Im Eifer des Streiks machte auf dem Frankfurter Universitätscampus sogar die Forderung die Runde, die Teilnahme an studentischen Arbeitsgruppen zum Unistreik solle durch die Erteilung von Leistungsscheinen belohnt werden. Hier wird die Bedeutung der Universität als Forschungs- und Lehrbetrieb von Studenten selbst degradiert. Es kann nicht im Interesse angehender Akademiker sein, die eigene Bildung durch Plakatemalen und gemeinsames Frühstücken auf dem Campus ersetzen zu wollen.
Auch die Forderung nach “Abschaffung der Zugangsbeschränkungen zu den Hochschulen” erweist sich bei genauerer Betrachtung als sehr bedenklich. Die Bewertung von studierwilligen Jugendlichen anhand ihres Schulabschlusses und ihrer Abiturnote ermöglicht in der Tat eine sinnvolle Beurteilung der mitgebrachten Ausbildung. Der “Numerus Clausus” steht einerseits für das Bildungsniveau, daß von Studenten erwartet wird, er symbolisiert aber auch andererseits die hohe Qualifizierung, die der Student von seiner akademischen Ausbildung an der Universität erwarten darf. Um ein höheres Bildungsniveau an den Hochschulen einzufordern, sollte eher das sinkende Niveau der Schulausbildung und die fortschreitende Entwertung des Abiturabschlusses kritisiert werden. Eine Abschaffung des “Numerus Clausus” untergräbt hingegen die Ansprüche an die universitäre Bildung.

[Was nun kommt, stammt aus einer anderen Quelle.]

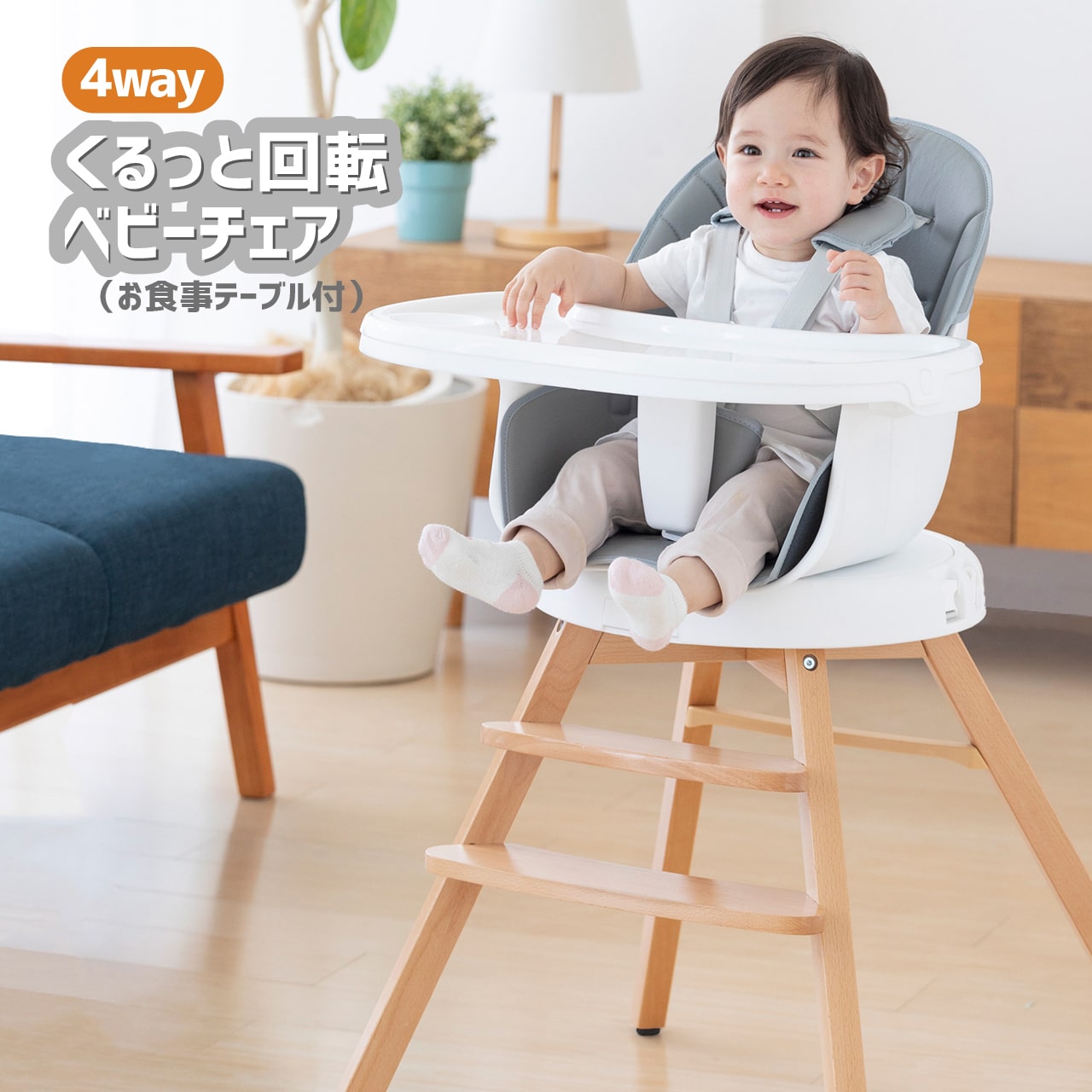 4WAYくるっと回転ベビーチェア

Dies sind viel eher die Gefahren, denen die Universitäten und Hochschulen in der Bundesrepublik heute ausgesetzt sind. Umfragen haben ergeben, daß die überwiegende Mehrheit der heutigen Erstsemester-Studenten möglichst schnell die “anonyme Universität” wieder verlassen und möglichst ohne große Bemühungen einen Universitätsabschluß erhalten will. Daß sie dies wollen, kann man ihnen nicht vorwerfen: Sie leben in einer Gesellschaft, die die Erwartungshaltungen an das eigene Handeln permanent zurückschraubt und die Bedeutung von Bildung und Wissen degradiert.